C. elegans lives in microbe-rich habitats, such as those found on rotting fruit and vegetation. It is unclear what microbes form its diet but C. elegans is probably competing for resources with related species, such as C. briggsae and C. remanei and other foragers. As for other animals, there is a trade-off between feeding and environmental risks. C. elegans has natural enemies such as predacious fungi and mites. Abiotic features of the environment can also be dangerous and in this context we return to the importance of ambient air composition. A high O2 concentration spells danger for worms as it is often associated with exposed surfaces and accompanied by increased risk of desiccation, exposure to UV-light and rapid temperature fluctuations. Very high CO2 (above 9%) is dangerous in itself, as it has pathophysiological effects on C. elegans, including muscle damage and adult wild-type C. elegans are repelled by increased ambient CO2 (1% or more)., Thus, the animals must balance the benefits of feeding and avoiding these dangers.

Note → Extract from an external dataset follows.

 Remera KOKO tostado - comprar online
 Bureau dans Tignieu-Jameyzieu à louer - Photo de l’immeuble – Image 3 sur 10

Both CO2 and O2 show substantial local variations in the habitat of free-living nematodes. As a consequence, C. elegans has adapted for thriving in such environments and can tolerate extremes of gas levels. In the lab, they can survive living in 100% O2 for many generations and can also withstand anoxia for a limited time. Also in the lab, levels of O2 and CO2 have little effect on reproductive fitness (above about 3kPa O2 and between 0–5 kPa CO2). Nevertheless, as discussed above, C.elegans avoids high O2 and high CO2. This suggests that, for a worm, the perceived risks associated with feeding at high O2 and/or high CO2 are related to the environment associated with those concentrations as opposed to any direct effects on fitness.

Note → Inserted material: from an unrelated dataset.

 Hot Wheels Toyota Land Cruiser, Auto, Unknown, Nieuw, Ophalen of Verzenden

Furthermore, both gases also carry information about the presence and value of a food patch. CO2 is thought to be a kairomone, which can signal the presence of nearby organisms that may then serve as food, hosts or competitors. Hence, responses to CO2 would be expected to lead to avoidance of excessive amounts of this gas for metabolic reasons, but attraction to at least low levels for environmental reasons. Both attraction and repulsion have been observed in different nematode species.,- O2 levels may indicate the presence of potentially beneficial organisms as bacterial colonies will deplete O2 around them and thus encourage taxis toward them. Thus, worms need to have balanced responses to these gases, which reflect the complexity of the information that they convey.

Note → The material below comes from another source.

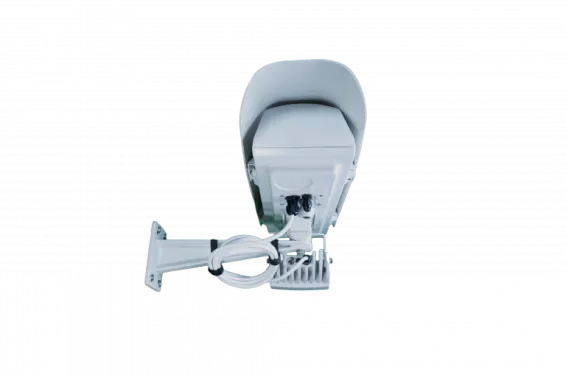 Hanwha - SHB-V-3200HPR - Side-Opening Aluminum Camera Housing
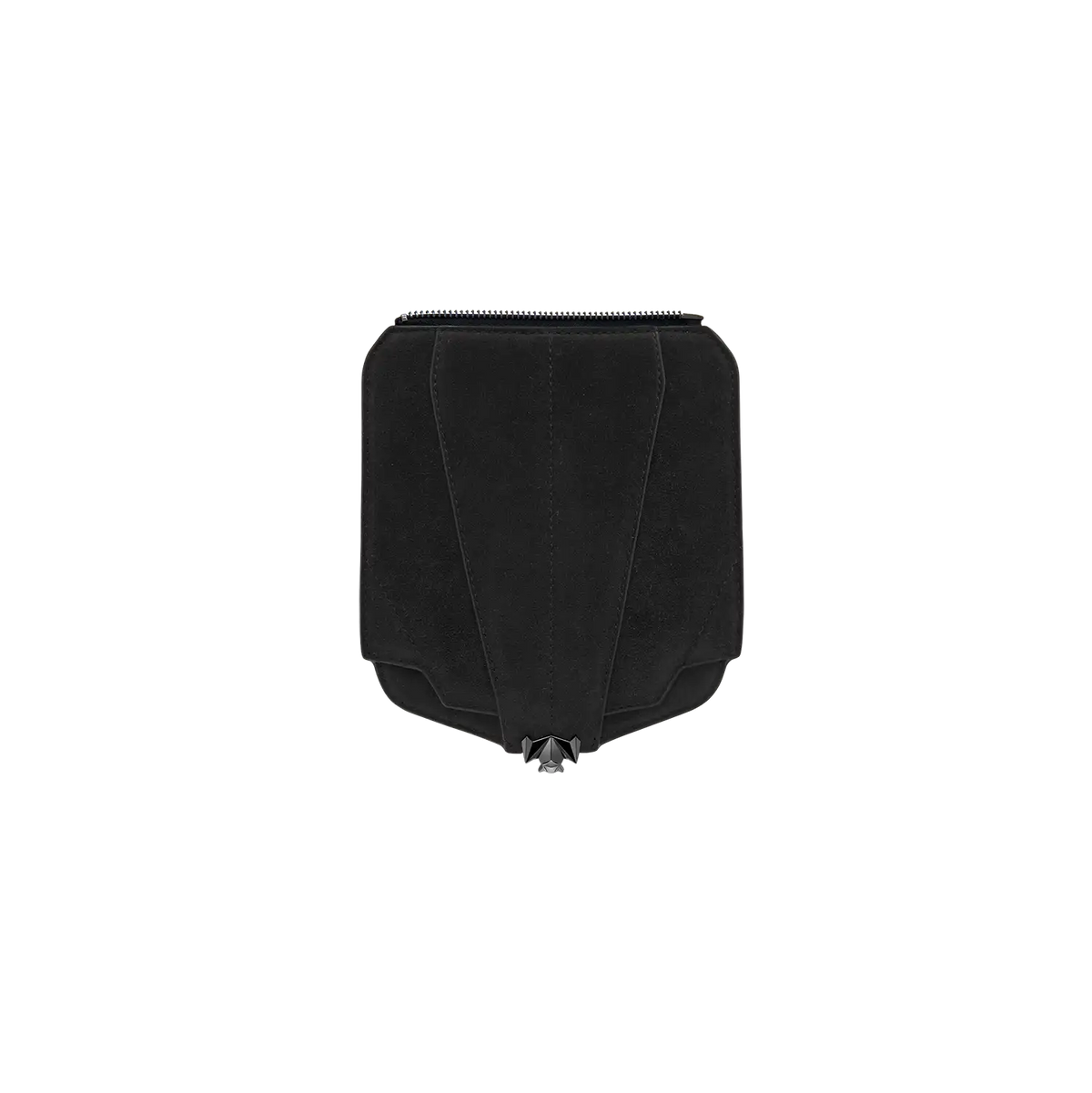 BC Wechselklappe - Mini Smooth Solitair - schwarz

For males there is an additional and important trade-off between feeding and mate search (reproduction). In the absence of hermaphrodites, well-fed males increase their exploratory behavior including leaving food., However, this behavior is nutritional state dependent: starved males or daf-2 mutants males favor feeding above mate searching. This is consistent with the notion that the MVT uses too few parameters to fully predict animal behavior. Nonacs suggested that accurate predictions of patch exploitation need to take into account other factors such as the nutritional state of the animal, energy reserves, risk of predation and activities that can take place at the same time as foraging e.g., mate search. Only by incorporating factors such as these into a case-specific state-dependent optimality approach can actual behavior be predicted. Figure 3 illustrates how C. elegans balances benefits from feeding with risks, associated with environmental factors, and physiological state. The work on food leaving in C. elegans,, provides experimental evidence for this more elaborate view on optimal foraging.

Figure 3. Schematic model of food leaving determinants in C. elegans. High O2 and CO2 levels promote food leaving, as do TGF-β and insulin signaling.